CEO Mitsuyuki Tominaga aims to increase sales 50 percent by 2030 to 1 trillion yen ($6.4bn). The company aims to lead the running shoe market in Japan, the US and Europe by the end of the year.
In an interview with The Nikkei, Asics CEO Mitsuyuki Tominaga says the Japanese sneaker maker is considering acquisitions to expand its “running ecosystem.” Tominaga was asked why the company has already upgraded its earnings forecast for the fiscal year ended in December and about the targets in its medium-term plan.
“The success of our [high-priced] Sportstyle and the luxury Onitsuka Tiger brand was beyond our expectations.”
”Earnings were already positioned to take off when the baton was passed to me,” Tominaga says. ”We had predicted strong showings in running and sports shoes in fiscal 2024, but the success of our [high-priced] Sportstyle and the luxury Onitsuka Tiger brand was beyond our expectations. We’ve consciously tried to improve the understanding and productivity of all our employees, including those overseas. We’ve included foreign executives in management meetings and held two global summits with the heads of our international business units and others to discuss strategy. As a result, we’ve discovered issues such as how we think about salaries and benefits, and what we need to do has become clearer. We’ve identified winning patterns for 2025 and beyond.”

Asics CEO Tominaga has ambitious goals
When The Nikkei asks what he sees as ”winning patterns” Tominaga emphasizes Asics’ unique membership program.
”We expect an operating profit margin of 14.7 percent for 2024, which is higher than our competitors and new territory for us as well. Our own unique ways to win could include, for example, our OneAsics online membership program. With the Sydney Marathon, we started engaging with runners half a year in advance, and we took steps to boost their satisfaction, such as arranging massages after they crossed the finish line.

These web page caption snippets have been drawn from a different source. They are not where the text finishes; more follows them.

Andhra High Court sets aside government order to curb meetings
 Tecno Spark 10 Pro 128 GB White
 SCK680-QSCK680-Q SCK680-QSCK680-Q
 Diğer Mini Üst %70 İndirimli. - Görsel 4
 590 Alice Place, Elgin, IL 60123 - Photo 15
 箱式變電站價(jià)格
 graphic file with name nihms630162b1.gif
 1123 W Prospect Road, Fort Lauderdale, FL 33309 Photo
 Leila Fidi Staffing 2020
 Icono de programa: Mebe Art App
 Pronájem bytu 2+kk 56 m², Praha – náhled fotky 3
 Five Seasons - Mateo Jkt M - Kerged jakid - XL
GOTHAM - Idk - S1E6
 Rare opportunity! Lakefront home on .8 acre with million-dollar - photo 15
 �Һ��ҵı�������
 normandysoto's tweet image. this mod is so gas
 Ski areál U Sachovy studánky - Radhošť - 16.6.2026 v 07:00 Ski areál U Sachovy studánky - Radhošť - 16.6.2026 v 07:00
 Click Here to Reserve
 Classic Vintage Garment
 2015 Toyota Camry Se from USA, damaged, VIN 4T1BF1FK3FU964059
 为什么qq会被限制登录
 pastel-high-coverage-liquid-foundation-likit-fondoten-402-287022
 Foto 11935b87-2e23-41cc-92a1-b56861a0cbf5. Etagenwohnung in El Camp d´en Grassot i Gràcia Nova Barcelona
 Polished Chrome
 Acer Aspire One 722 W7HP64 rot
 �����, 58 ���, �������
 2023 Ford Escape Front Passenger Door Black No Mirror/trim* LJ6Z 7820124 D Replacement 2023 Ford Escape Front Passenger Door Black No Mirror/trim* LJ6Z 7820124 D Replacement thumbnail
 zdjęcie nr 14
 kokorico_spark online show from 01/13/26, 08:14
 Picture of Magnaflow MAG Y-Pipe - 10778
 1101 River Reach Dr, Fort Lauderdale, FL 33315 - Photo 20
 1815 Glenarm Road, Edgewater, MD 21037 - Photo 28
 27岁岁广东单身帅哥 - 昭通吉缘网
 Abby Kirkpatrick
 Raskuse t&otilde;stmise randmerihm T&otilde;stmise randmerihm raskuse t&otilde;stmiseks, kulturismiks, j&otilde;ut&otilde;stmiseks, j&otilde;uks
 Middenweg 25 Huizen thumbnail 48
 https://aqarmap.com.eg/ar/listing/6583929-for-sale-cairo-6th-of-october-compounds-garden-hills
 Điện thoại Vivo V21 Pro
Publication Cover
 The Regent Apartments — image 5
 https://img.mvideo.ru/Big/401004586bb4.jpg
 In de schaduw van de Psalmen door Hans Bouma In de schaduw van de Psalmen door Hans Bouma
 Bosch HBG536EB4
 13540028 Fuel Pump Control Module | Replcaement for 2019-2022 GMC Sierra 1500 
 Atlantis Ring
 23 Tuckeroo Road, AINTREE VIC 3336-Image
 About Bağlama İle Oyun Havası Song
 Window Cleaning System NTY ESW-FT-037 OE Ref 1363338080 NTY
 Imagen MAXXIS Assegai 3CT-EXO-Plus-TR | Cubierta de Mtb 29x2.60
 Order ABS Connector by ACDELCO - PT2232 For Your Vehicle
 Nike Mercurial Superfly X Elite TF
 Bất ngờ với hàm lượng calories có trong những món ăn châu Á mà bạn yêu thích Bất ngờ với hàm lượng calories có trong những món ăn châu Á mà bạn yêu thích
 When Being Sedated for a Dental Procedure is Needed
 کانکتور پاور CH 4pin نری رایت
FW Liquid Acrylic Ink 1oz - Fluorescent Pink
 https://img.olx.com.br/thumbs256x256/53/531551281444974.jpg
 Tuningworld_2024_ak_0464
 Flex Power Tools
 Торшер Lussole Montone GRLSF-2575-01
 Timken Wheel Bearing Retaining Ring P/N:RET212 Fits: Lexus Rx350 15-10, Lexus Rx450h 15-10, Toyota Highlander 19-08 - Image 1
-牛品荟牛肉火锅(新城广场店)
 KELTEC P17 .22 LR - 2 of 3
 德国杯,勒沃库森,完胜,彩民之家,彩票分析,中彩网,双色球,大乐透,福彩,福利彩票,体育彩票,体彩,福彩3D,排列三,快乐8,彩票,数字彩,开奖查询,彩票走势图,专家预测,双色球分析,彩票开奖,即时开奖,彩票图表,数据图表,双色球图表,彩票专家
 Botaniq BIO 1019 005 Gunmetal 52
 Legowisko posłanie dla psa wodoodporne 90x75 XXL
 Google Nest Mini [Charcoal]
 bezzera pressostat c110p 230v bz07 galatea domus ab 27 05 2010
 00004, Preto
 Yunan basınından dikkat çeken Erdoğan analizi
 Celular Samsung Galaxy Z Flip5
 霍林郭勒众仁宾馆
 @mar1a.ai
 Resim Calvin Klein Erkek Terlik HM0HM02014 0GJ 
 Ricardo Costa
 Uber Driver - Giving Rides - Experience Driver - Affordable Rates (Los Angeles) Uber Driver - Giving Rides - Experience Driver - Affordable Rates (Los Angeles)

In addition to horizontal development in regions where we already operate, we need to consider acquiring or partnering with companies in areas not covered by our marathon registration website operators.”
Asked why Asics hasn’t made any moves toward buying registration platforms since its 2022 acquisition of Njuko, Tominaga replies:
”We used to pursue deals actively, but we ran into trouble integrating data and challenges involving personal information. But we’ve started to see progress recently. We could invest billions of yen into expanding our running ecosystem in fiscal 2025.”
”We can become a company with more than 1 trillion yen in sales by 2030.”
Finally, The Nikkei wonders if Asics’ goal to become the market leader in running shoes in Japan, the US and Europe in 2025 is possible.
Tominanga: “Room for growth with Onitsuka Tiger”
”It’s entirely within our reach. Even in North America, where we were somewhat behind, our steady efforts to improve our products and carefully manage inventories have paid off through higher market share. We still have room for growth in areas besides running shoes. We won’t let the success of Sportstyle and Onitsuka Tiger end as temporary fads – we’ll take on the giant market. We can become a company with more than 1 trillion yen in sales by 2030. We also can’t let our operating profit margin drop. We set a target of at least 17 percent for fiscal 2026 when we upgraded our medium-term plan last fall. We aim to be among the highest in the industry in 2025 as well and will strengthen our position in running and tennis shoes to that end. It’ll be important for us to strategically specialize in certain regions and sports and stay in the number-one position.”